#### Exercise directions:
Below are the entries. Print only the lines starting at the one with "Ризотто с шампиньонами и сливочным соусом" and ending at the one with "Tideii Cute Cats", exactly, with no pictures.

#### Exercise data:
§ §

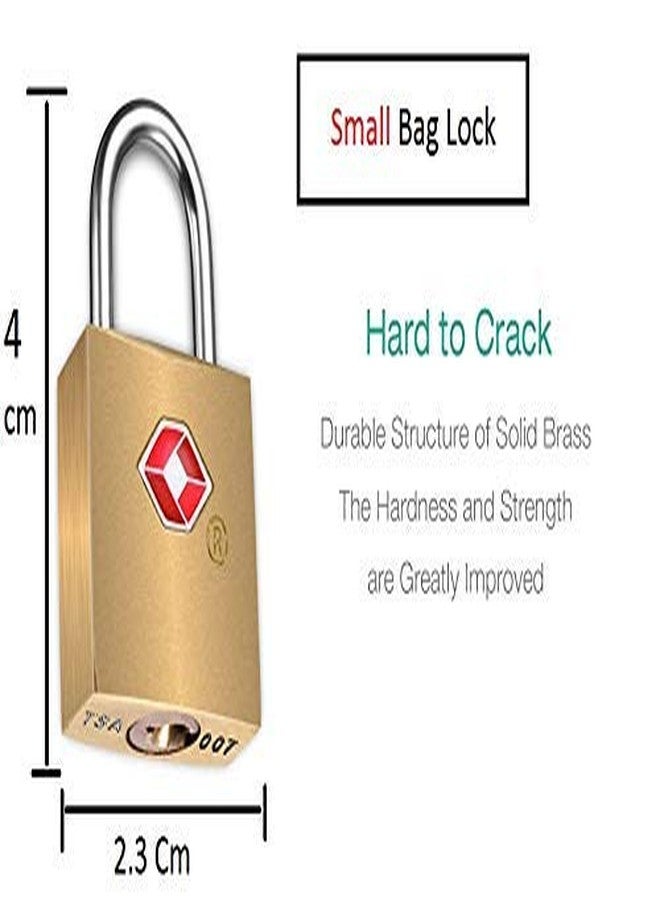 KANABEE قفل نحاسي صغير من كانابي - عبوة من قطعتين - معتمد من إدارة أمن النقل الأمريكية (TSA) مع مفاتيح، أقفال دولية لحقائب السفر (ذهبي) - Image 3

§ §

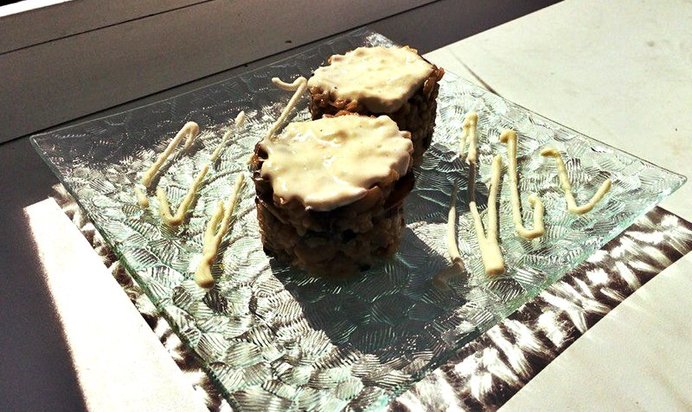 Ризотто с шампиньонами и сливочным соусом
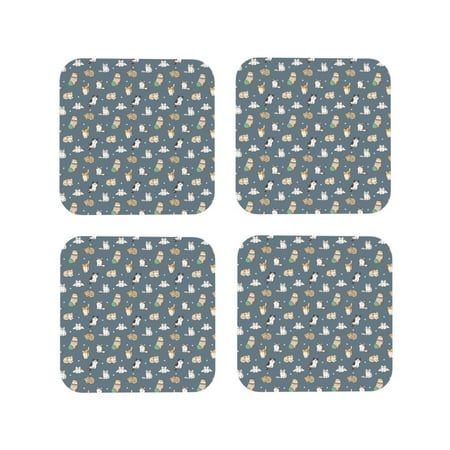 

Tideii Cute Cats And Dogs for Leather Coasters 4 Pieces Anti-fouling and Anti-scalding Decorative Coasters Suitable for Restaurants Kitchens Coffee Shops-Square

§ §

#### Answer to this exercise:
 Ризотто с шампиньонами и сливочным соусом

Tideii Cute Cats And Dogs for Leather Coasters 4 Pieces Anti-fouling and Anti-scalding Decorative Coasters Suitable for Restaurants Kitchens Coffee Shops-Square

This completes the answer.